Boylston Street Marathon Bombing Sites Proposal
Boston, MA, Proposed 2017
Ann Hirsch Sculpture Studio with Pressley Associates Landscape Architects
I was selected to submit a proposal for consideration for memorial markers to be placed on Boylston Street at the sites of the 2013 Boston Marathon Bombings. The memorial markers will join a rich fabric of memorial works in Boston and should be in keeping with, but also a transformation of, that tradition that authentically memorializes those lost on 4/15/2013 and in the aftermath. I chose to use an ancient form of memorial marker, the obelisk, in a new way to accomplish diverse goals while drawing on the obelisk’s evocations of the eternal.
The proposed artwork comprises four obelisks markers, an ancient form of memorial marker, and a paving redesign. Three of the obelisks are tilted at an angle and the fourth obelisk stands upright. Two of the tilted obelisks are located at the first bombing site while the third is located at the second site on Boylston Street. The final obelisk stands upright at the Boston Marathon Finish Line. The three tilted obelisks contain lights that illuminate bronze plaques in the paving below. The plaques, which are surrounded by the paving that was in place at the sites in 2013, acknowledge the three individuals who died on 4/15/2013. The fourth obelisk is engraved with the stories of April 15th, the events that followed and those who were involved.
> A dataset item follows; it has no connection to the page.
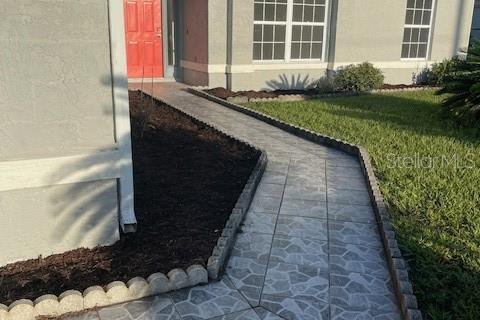 Villa ou maison à vendre à Kissimmee, Floride: 4 chambres, 177.44 m2 № 2400942 - photo 2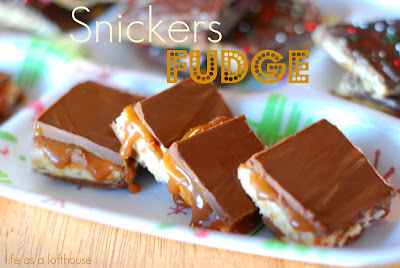 Snickers Fudge is delicious fudge that tastes just like the classic Snickers candy bar with layers of chocolate, caramel and peanut butter. Life-in-the-Lofthouse.com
Together the obelisks offer a story of transformation across several thresholds in a linear experience along Boylston Street with a diagonal paving pattern figuratively connecting the sites. In a second phase of the project, new paving replaces the current patchwork of paving areas between the three sites to create a uniform surface and a continuous experience from one site to the next that is visually separate from adjacent areas. Larger paving stones are inserted into the new paving along the way, like stepping stones, to further emphasize the connection between the different sites.
The obelisks and original paving carve out the memorial sites as sacred and separate from the everyday workings of city life while making the sites easily identifiable and not interrupting the flow of the day-to-day on Boylston Street. The markers clearly acknowledge the impact of the Marathon Bombings without valorizing the act that was committed or those who committed it. Finally, the design acknowledges the larger story involving events after 4/15/2013 and the loss of Officers Sean Collier and Dennis Simmonds in connection with the more site-specific memorial markers honoring the three bombing victims.